The article starts out very strong and identifies what most traders fail to understand.  This lack of understanding makes learning to trade hard and what causes traders to give back money.  To paraphrase, some strategy or idea is working right now.

This is where we start to separate.

I am not for sure what he means by ‘there is no such thing as a market”.  A market is the place where  buyer(s) and seller(s) come together, it can be literal or figurative.  The way this transaction happens has changed.

“One of the reasons that markets experience great volatility is that different groups buy or sell for different reasons at different times.”  I think what the writer meant to say is rapid one directional moves occur because everyone is trying to buy (sell) at the same time.  Volatility happens because of the lack of density of buyer and sellers across prices.  The reason the density is low is because of the spread, the difference between the bid and offer.

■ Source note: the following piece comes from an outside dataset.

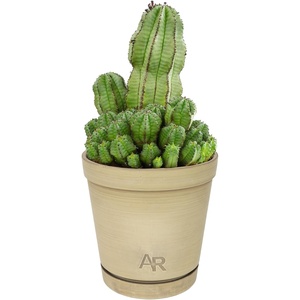 image:imageAltman Plants Euphorbia anoplia Live Plant Decor Exotic Plants Cacti Plants Live Succulents Plants Live Plants Indoor Plants Live Houseplants Live Indoor House Plants Real Plants Indoor Live PlantsEuphorbia anoplia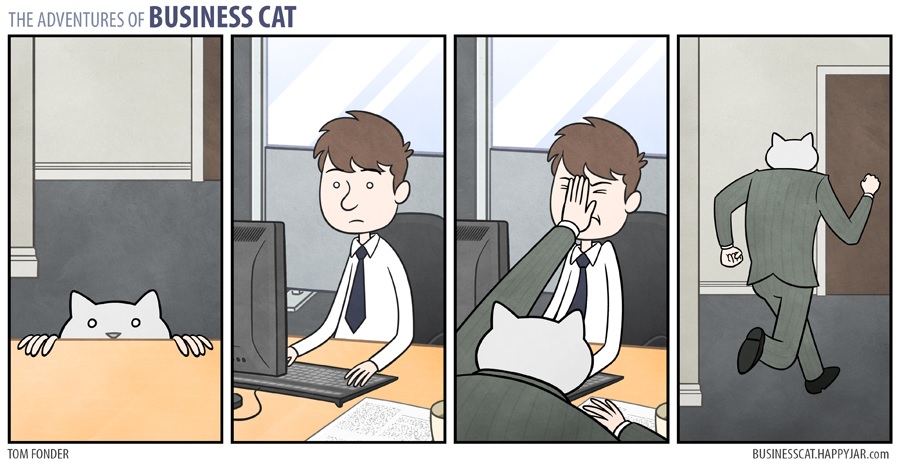 businesscat5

There is a big difference between rules and a strategy.  Effective trading requires rigid rules and a flexible strategy.  If you think my previous statement is opinion, you should turn to the person on the right, hand over a few thousand dollars in return for a kick in a balls and be thankful.

It is true that smart traders follow the big money.  The smartest traders get out into big money’s orders.

The writer brings up what is important is “who” is trading not “why”.  Why can become important later if that is the type of trader you want it to be.

The authors final statement about trend… well I already said it here.

Maybe the writer just had a bad day because it is a good blog.